Por ahora y en forma muy clara se dan dos olas de contagios (aumentos de casos continuos por día) por año en nuestro país. La primera en junio/julio y la segunda en diciembre/enero, la segunda es de mayor impacto. Durante el primer año se dieron las dos olas sin la existencia de las vacunas y durante el segundo año se presentaron ya con población vacunada. Hay varios estudios que muestran la posibilidad de reinfección con o sin vacunas luego de 4-6 meses; en mi opinión esto explica, en parte, las olas en Panamá donde 4.4 millones de personas viven en un área de superficie pequeña. Debemos entonces pensar en estrategias que eviten en lo mayor posible el gran contagio en esas dos épocas del año.
No sabemos si las clases presenciales afectan los casos en cada ola, pienso que sí. Ambas olas en junio/julio ha sido sin presencia de estudiantes en escuelas, es posible se de un mayor número de casos al ser presencial, es necesario esperar.

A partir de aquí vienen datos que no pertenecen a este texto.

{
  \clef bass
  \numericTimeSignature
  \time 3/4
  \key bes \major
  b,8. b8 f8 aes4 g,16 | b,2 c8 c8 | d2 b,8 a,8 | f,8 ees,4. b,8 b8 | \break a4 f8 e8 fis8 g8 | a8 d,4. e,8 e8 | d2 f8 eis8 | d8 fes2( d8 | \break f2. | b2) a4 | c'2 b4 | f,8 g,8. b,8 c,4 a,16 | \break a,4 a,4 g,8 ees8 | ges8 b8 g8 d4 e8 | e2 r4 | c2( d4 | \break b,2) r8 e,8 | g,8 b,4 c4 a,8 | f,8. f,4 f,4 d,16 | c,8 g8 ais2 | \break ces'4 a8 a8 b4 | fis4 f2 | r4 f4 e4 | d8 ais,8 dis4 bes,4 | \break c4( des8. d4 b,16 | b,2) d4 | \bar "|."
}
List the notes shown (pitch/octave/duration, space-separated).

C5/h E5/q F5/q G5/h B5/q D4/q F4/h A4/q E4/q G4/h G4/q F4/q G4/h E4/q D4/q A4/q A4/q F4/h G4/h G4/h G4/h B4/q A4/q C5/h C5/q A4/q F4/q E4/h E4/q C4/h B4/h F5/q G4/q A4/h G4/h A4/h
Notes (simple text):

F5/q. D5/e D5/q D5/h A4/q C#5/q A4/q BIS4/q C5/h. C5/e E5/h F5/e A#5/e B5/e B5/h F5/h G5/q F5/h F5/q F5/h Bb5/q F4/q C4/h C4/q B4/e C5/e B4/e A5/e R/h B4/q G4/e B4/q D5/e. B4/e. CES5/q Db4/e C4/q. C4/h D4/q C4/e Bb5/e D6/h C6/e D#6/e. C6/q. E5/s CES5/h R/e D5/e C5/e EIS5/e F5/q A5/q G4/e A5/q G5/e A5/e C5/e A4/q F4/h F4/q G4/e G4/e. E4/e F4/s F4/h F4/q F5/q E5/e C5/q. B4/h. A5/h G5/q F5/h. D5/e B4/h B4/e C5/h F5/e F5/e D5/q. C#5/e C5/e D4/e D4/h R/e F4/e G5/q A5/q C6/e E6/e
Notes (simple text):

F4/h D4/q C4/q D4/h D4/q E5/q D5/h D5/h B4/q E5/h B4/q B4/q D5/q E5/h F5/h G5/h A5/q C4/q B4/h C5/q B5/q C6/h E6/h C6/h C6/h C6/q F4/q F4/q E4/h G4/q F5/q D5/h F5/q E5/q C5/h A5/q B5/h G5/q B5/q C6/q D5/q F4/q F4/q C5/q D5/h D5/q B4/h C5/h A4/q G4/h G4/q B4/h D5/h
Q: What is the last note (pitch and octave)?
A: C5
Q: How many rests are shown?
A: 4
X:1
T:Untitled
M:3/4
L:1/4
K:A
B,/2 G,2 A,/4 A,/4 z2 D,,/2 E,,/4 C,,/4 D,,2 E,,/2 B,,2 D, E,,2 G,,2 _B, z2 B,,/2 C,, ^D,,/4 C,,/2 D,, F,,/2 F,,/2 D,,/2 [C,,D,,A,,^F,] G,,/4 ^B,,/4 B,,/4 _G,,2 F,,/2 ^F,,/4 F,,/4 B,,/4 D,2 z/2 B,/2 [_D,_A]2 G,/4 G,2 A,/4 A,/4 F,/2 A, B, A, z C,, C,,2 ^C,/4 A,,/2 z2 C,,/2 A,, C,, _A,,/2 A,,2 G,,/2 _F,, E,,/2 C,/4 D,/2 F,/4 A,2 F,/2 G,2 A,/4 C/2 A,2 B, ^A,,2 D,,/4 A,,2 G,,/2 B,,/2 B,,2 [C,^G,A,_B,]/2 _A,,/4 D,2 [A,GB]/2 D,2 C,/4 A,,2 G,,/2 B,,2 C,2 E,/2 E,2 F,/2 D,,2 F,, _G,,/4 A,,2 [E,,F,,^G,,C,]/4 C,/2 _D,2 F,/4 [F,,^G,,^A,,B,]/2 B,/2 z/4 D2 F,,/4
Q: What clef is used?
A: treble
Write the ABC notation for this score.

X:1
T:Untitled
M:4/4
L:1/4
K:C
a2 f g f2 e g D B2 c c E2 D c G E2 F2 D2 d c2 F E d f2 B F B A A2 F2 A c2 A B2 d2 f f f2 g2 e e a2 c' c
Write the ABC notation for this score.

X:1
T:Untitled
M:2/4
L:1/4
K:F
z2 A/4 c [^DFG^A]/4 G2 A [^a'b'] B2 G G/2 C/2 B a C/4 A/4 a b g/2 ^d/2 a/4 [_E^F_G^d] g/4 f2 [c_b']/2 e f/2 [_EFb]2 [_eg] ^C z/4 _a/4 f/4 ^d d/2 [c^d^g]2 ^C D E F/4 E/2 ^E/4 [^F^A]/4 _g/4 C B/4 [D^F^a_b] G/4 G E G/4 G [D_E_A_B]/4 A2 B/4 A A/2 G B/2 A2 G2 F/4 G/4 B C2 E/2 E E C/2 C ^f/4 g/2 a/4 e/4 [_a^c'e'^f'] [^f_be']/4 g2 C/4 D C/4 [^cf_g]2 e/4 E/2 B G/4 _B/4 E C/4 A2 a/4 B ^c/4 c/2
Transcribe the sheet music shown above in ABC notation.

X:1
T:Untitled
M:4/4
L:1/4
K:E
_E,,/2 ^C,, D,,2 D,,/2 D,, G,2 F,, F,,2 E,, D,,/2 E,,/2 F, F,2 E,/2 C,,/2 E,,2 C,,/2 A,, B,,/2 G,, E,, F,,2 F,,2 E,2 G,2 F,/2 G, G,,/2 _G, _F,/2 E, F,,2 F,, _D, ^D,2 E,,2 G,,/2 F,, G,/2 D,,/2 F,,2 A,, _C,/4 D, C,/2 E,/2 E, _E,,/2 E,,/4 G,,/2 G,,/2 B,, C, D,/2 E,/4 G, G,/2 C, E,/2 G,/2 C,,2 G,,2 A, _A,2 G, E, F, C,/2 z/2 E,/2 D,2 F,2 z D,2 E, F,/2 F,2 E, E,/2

Nuestra nueva normalidad debe ser: no más cuarentenas masivas, no más restricciones a actividades masivas, no más cuarentenas por contacto estrecho, no más cierres de escuelas y universidades, seguir vacunando, tener todos los medicamentos probados efectivos en casos leves de uso ambulatorio y en los de uso hospitalario en casos moderados y severos. Usar mascarillas (obligatorio) en épocas de las olas y el resto del año a criterio de la gente. JAMÁS regresaremos a la normalidad existente antes del 2020, pues tenemos una nueva enfermedad que genera incapacidad, hospitalización, muertes y secuelas.
Por ahora, si se sigue mostrando la necesidad de vacunas, se debe procurar aplicarse justo 3-6 semanas antes de esas olas, en especial la población de riesgo. Considerar el uso de mascarillas en actividades masivas 3-6 semanas antes de las olas.
La nueva ruta: vacunas anti covid, mascarillas en algunas épocas del año, a cuidarse con las dos olas de contagios masivos por año, no más cuarentenas y aprender a vivir con la nueva enfermedad conocida como Covid-19.